Monday, April 12, 2010

Shipwreck Syndrome

I feel like a castaway madly tidying his island hideaway as he waits for the rising tide to lift the ship of mail order brides recently grounded on the reef too far out to reach.

Sally arrives at the end of the week and ...

Rather than neatly sorting coconuts and shells into tidy piles, and raking the beach and sweeping out my hut, I’ve spent the last month arranging stones and scrap wood and other construction detritus and sweeping the cement dust out of our new garage. I’m pruning the trees in a widening gyre around the house. I’m fencing the garden against porcupines and badgers. I am putting like things with like things, making bigger neater piles from the many messy mounds around the property. I’m painting the bedroom. I’m building a rustic table of scrap wood for the many meals we will eat out of doors. I’m picking bits of plastic and wire and metal and glass from the soil around the worksite. I’m building stone retainer walls and dumping wheelbarrows of earth behind them from the mounds and piles that need to be flattened.
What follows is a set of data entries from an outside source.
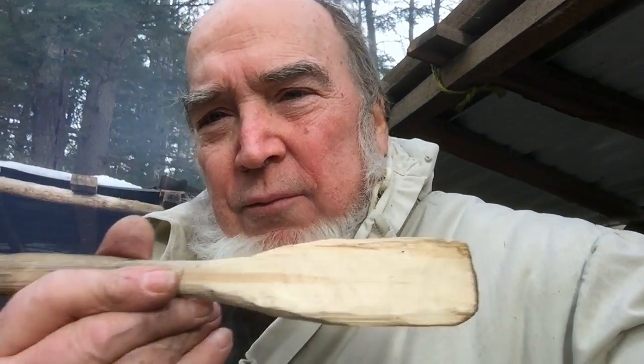I did mess up on the end, but it's fine, man. I hardened it up a little bit. It's a big little spatula, mixer, whatever — all done with that axe.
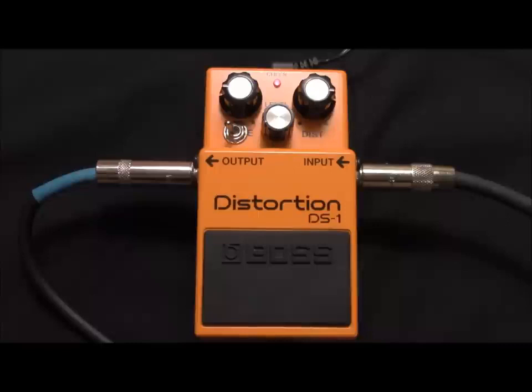Now engaging the pedal — from the bridge pickup, to the middle and bridge pickup together, to the middle pickup, to the middle and neck pickup, and finally to the neck pickup.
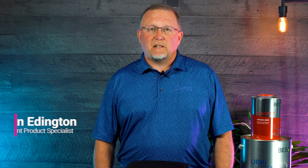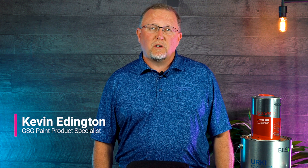Hi, Kevin Eddington, your GSG paint guy. I wanted to tell you about a product from BASA. It is our brush roll.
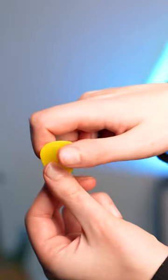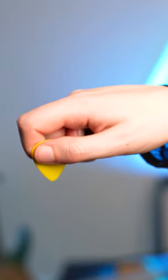Then put your thumb on the guitar pick to hold it in place, so that the point of the guitar pick is sticking out below the little index finger hook and facing the floor. So when you move your hand towards your guitar like this, where you'd put it if you're playing guitar.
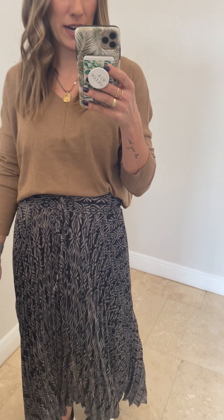I am wearing a size small in this one. It has an elastic waistband with a functioning tie so you can tie it tighter if you need to. It's got these really pretty print all the way throughout — very neutral, like black paired back to a little bit of an ivory, and it has pleats so it has a little bit of texture to it that you can see.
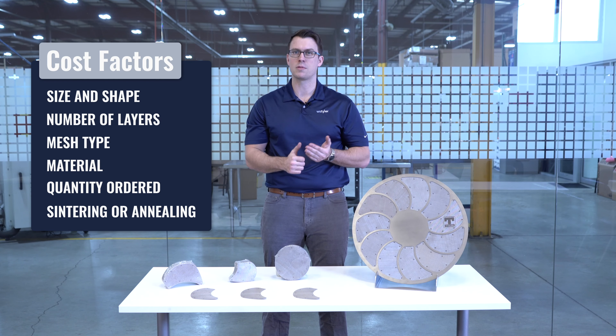If you need more information on extruder screens for your business or would like to receive a quote, you can reach out to us at 1-800-321-6188, email us at info@WSTyler.com, or reach out via our chatbot on our website. If you'd like to learn more about filtration, we have a learning center on our website filled with video and written information to help you become an expert. Click the link in the video description for more information. To keep up to date with all things WS Tyler, hit the subscribe button and click the notification bell. Once again, I'm Sam — thanks for watching and have a great day.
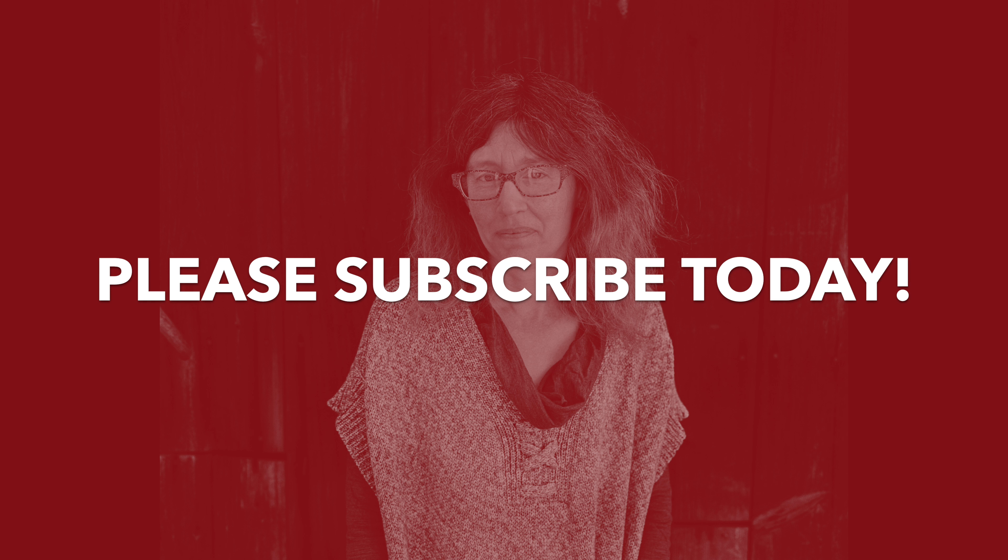But before I get into the results, if you have not subscribed to the Fidget Revolution, please subscribe. If you have, thank you very much. And if you can afford to help support the Fidget Revolution, please visit us on Patreon — anything you can give really helps make what we do here possible.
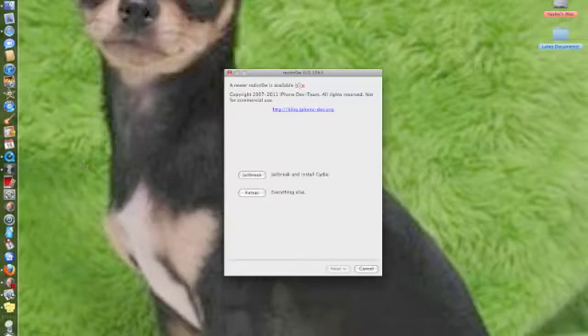It will say there is a newer version. Do not click that link. I clicked it last time — it's just a bunch of crap. Just don't do it.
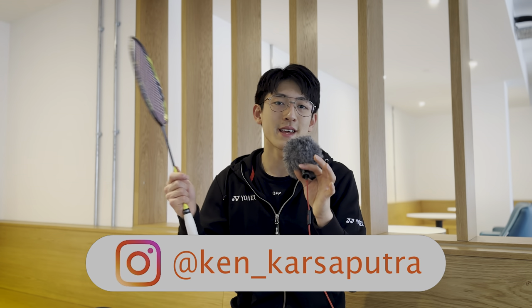Thank you so much for watching. If you have any other video suggestions, just drop them in the comment section down below. Keep up to date on my Instagram at Ken underscore Kataputra. Make sure you're subscribed with post notifications on, and I'll see you in next Sunday's video.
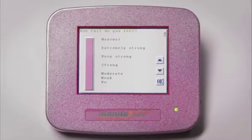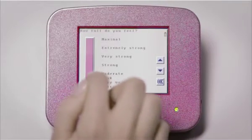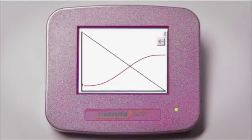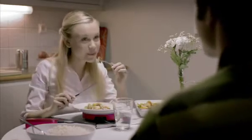Before you start eating, you indicate how full you feel on the screen. You estimate how full you feel several times during the meal. Mandometer tracks how full you feel relative to a normal satiety rate.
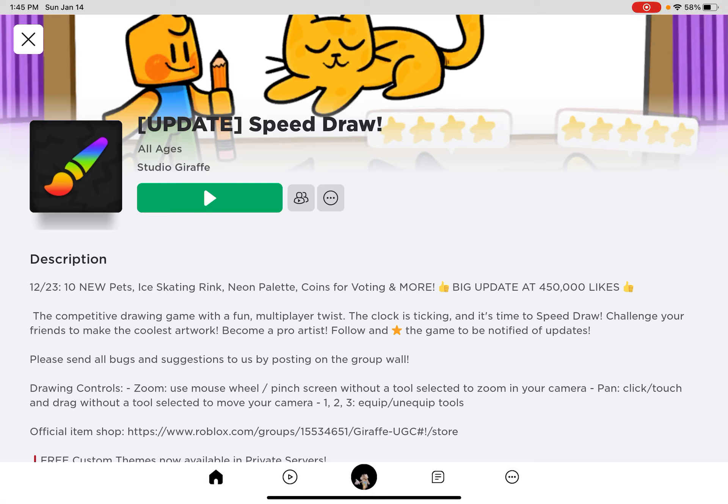Hey guys, welcome back to my YouTube channel today. We are going to be playing Speed Draw.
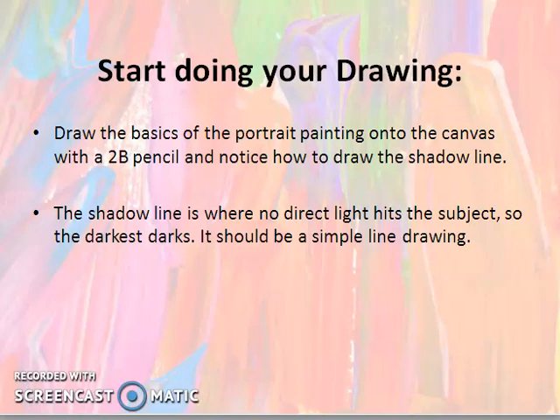The shadow line is where no direct light hits the subject. What is the shadow line? It is actually that line where no direct light hits the subject — it is the darkest dark. When you have a portrait painting in the beginning, you can draw a simple line drawing.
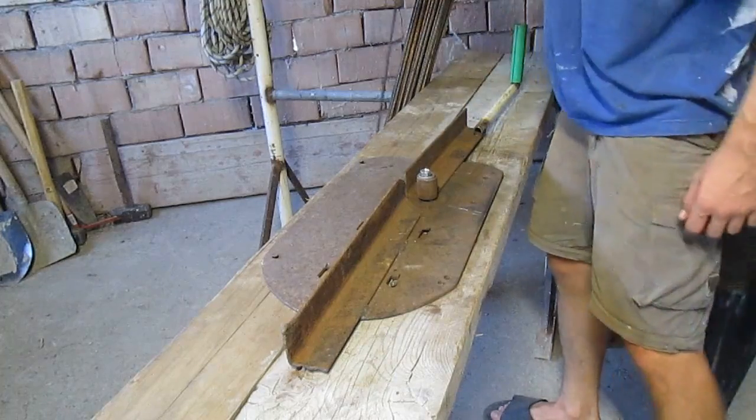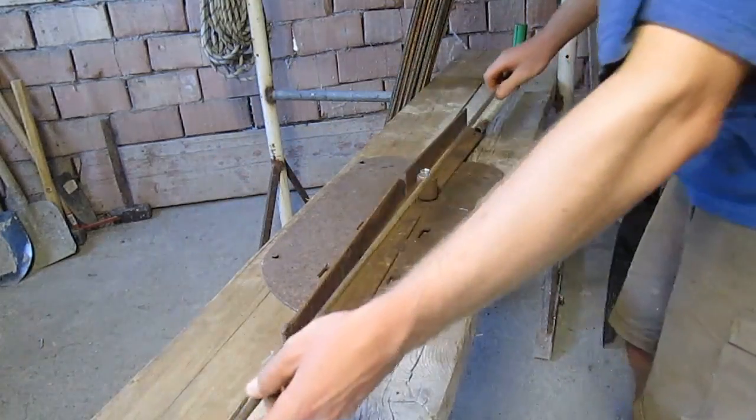I've cut some rebar pieces for bending. Let's see how it works.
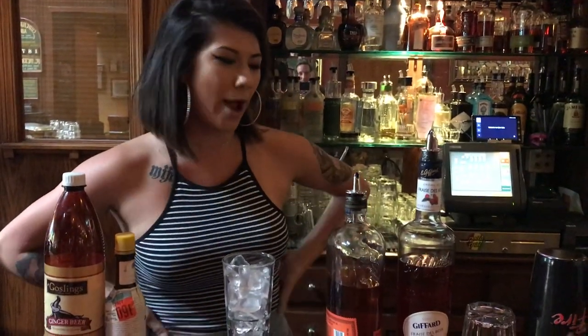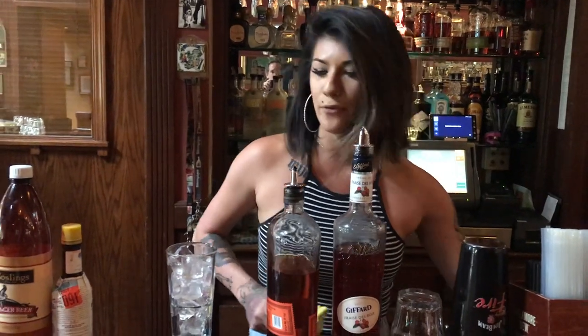Hi, I'm Rachel with Rosie McKinn's The Irish Pub and Restaurant, and today I'm going to show you how to make a Kentucky Sunrise.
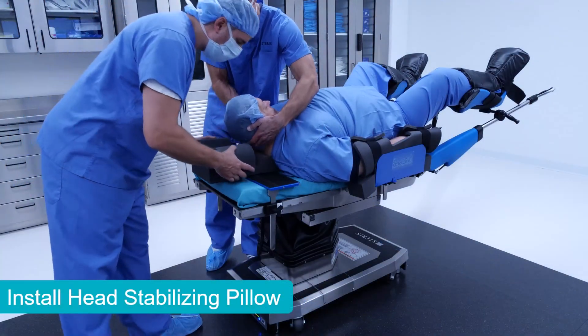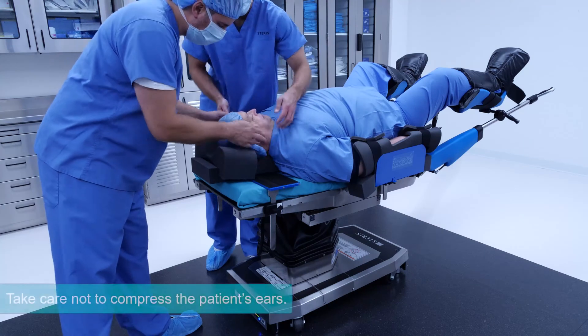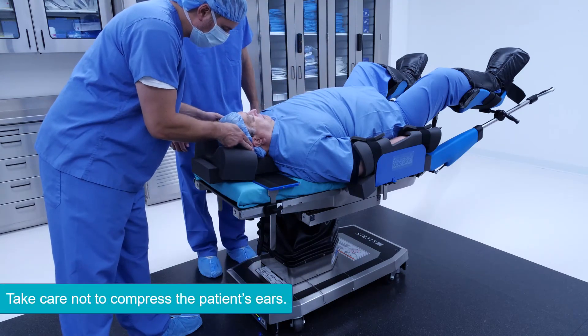The head stabilizing pillow secures the head and keeps it from rocking. Take care not to make contact with the patient's ears.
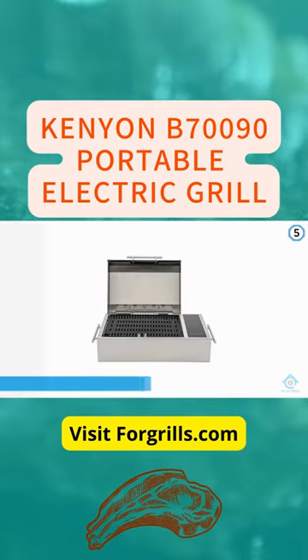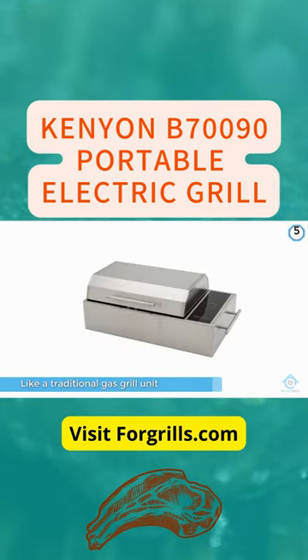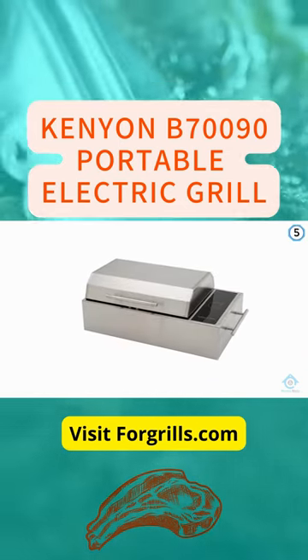Many apartment buildings, even those with outdoor spaces and verandas, don't allow gas or charcoal grills that heat with actual fire. If that's the case, this is the perfect solution.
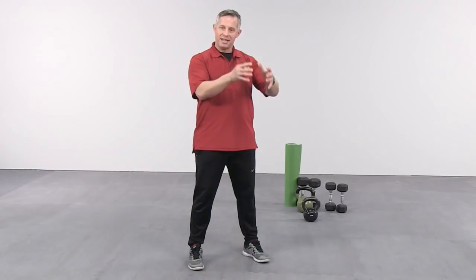The final regression-to-progression continuum we'll see today starts with specific rep ranges and longer recovery intervals. Skill development is all about motor learning, and we need to allow recovery time. For conditioning, AMRAP — as many reps as possible — is where we get into how many reps can you do in 20 or 25 seconds, which dramatically increases workload. Understanding progressions and regressions means asking: how can we break this exercise down so the client or class can feel successful today?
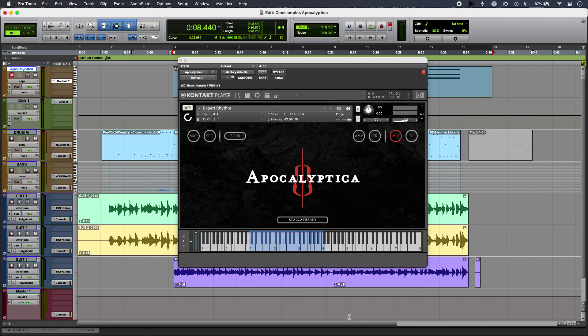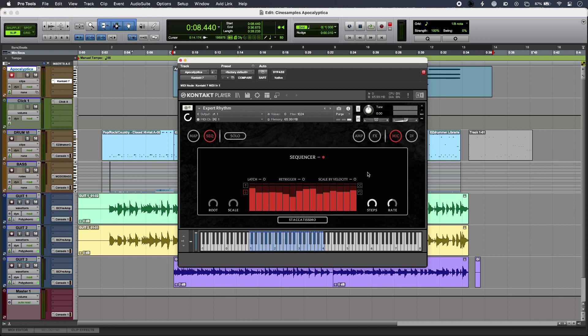Hi, this is Luke from Production Expert and this is Cinesamples Apocalyptica. Although Apocalyptica takes its name from the Finnish symphonic metal band of the same name, this is actually a very versatile instrument. At the moment I'm using it in rhythm mode along with the sequencer, so I can dial in a step sequence here and I've got various different controls for that. When you listen to the instrument in isolation it does sound very good indeed.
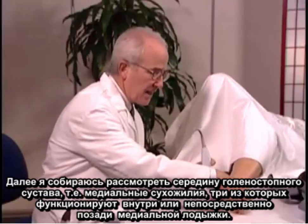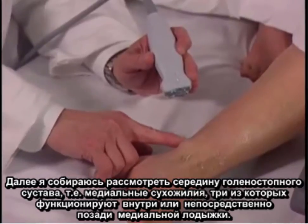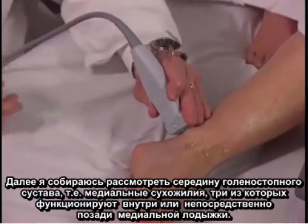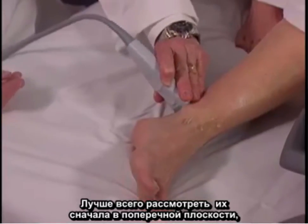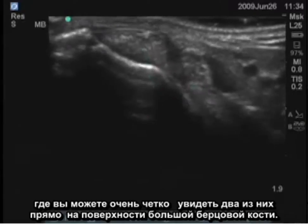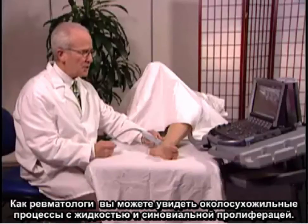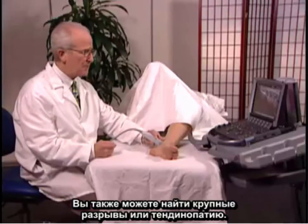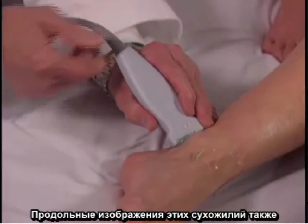Next, I'm going to examine the medial aspect of the ankle. The medial tendons — three of them — run just inside or just posterior to the medial malleolus. It's best to examine these initially in the transverse plane. You can see two of those tendons very clearly, right superficial to the tibial bone. As a rheumatologist, you can see peritendinous processes with fluid and synovial proliferation, and you can also find large tears or tendinopathy.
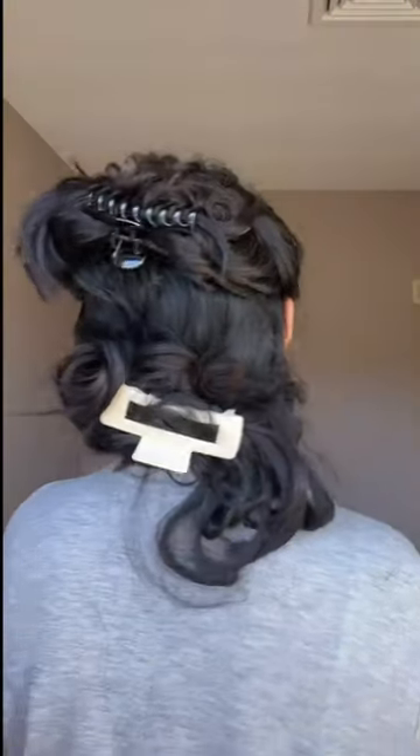Once all the curls are up it can look a bit messy, but trust the process. When I took out the clips I did not have to worry about any pin marks that individual hair pins can leave, and I didn't have to worry about the tangles that velcro rollers sometimes cause. These curls lasted all week long, so make sure to give it a try!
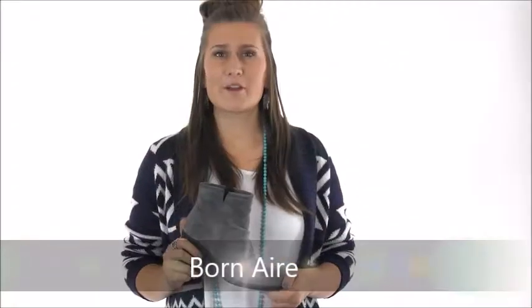Hi, it's Miranda from Dodge Shoe Company. The Born Air is the next bold bootie you need in your collection.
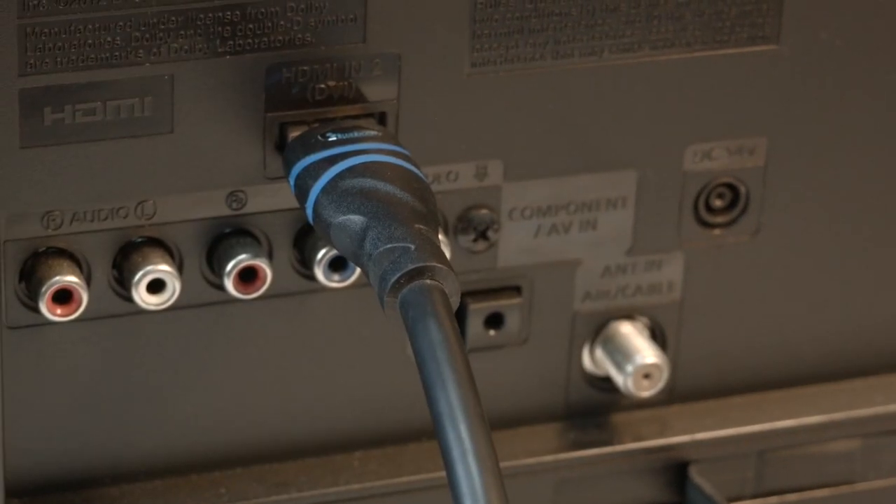If that solved your problem, great. If not, move the HDMI connection to another port. Most TVs have at least two or three of these ports — look around the back or the side of the set.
I’m raking and shoveling and hoeing and flattening all the terrain left rumpled by the Brandinis and the plumbers and electricians. I’m scything the weeds that have grown a foot and a half since I got here. I’m burning prunings and rubbish.

Yesterday, I washed the dishes and my laundry.

Today I install a bathroom mirror.

On reflection, this isn't exactly what I came all the way to Tuscany to do.